Neurenix supports a comprehensive range of hardware backends through the DeviceType enum:

General Purpose
Cross-Platform
Specialized

from neurenix.device import Device, DeviceType

# CPU - Always available
cpu = Device(DeviceType.CPU)

# NVIDIA CUDA - For NVIDIA GPUs
cuda = Device(DeviceType.CUDA, 0)

# AMD ROCm - For AMD GPUs
rocm = Device(DeviceType.ROCM, 0)

# Google TPU - For Cloud TPU
tpu = Device(DeviceType.TPU, 0)

from neurenix.device import Device, DeviceType

# Vulkan - Cross-platform GPU compute
vulkan = Device(DeviceType.VULKAN, 0)

# OpenCL - Heterogeneous computing
opencl = Device(DeviceType.OPENCL, 0)

# Intel oneAPI - Intel hardware
oneapi = Device(DeviceType.ONEAPI, 0)

# DirectML - Windows ML acceleration
directml = Device(DeviceType.DIRECTML, 0)

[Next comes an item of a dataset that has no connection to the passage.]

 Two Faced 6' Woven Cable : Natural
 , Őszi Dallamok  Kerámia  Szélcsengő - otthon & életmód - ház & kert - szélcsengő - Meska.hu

from neurenix.device import Device, DeviceType

# WebGPU - Browser-based compute
webgpu = Device(DeviceType.WEBGPU, 0)

# NVIDIA TensorRT - Optimized inference
tensorrt = Device(DeviceType.TENSORRT, 0)

# NPU - Neural Processing Unit
npu = Device(DeviceType.NPU, 0)

# ARM - ARM CPUs with NEON/SVE
arm = Device(DeviceType.ARM, 0)

# oneDNN/MKL-DNN - Optimized primitives
onednn = Device(DeviceType.ONEDNN, 0)

Creating Devices

From DeviceType

from neurenix.device import Device, DeviceType

# Create with default index (0)
cpu = Device(DeviceType.CPU)
cuda_0 = Device(DeviceType.CUDA)  # Equivalent to CUDA:0

# Create with specific index
cuda_1 = Device(DeviceType.CUDA, 1)  # Second GPU
cuda_2 = Device(DeviceType.CUDA, 2)  # Third GPU

From String

from neurenix.device import get_device

# Parse device strings
cpu = get_device("cpu")
cuda_0 = get_device("cuda:0")
cuda_1 = get_device("cuda:1")
tpu = get_device("tpu:0")
rocm = get_device("rocm:0")

Device strings follow the format type:index, where the index defaults to 0 if omitted.

Device Properties

from neurenix.device import Device, DeviceType

device = Device(DeviceType.CUDA, 1)

# Get device type
print(device.type)        # DeviceType.CUDA

# Get device index
print(device.index)       # 1

# Get device name
print(device.name)        # "CUDA:1"

# String representation
print(repr(device))       # "Device(CUDA:1)"
print(str(device))        # "Device(CUDA:1)"

Hardware Detection

Checking Device Availability

from neurenix.device import get_device_count, DeviceType

# Count devices by type
cuda_count = get_device_count(DeviceType.CUDA)
rocm_count = get_device_count(DeviceType.ROCM)
tpu_count = get_device_count(DeviceType.TPU)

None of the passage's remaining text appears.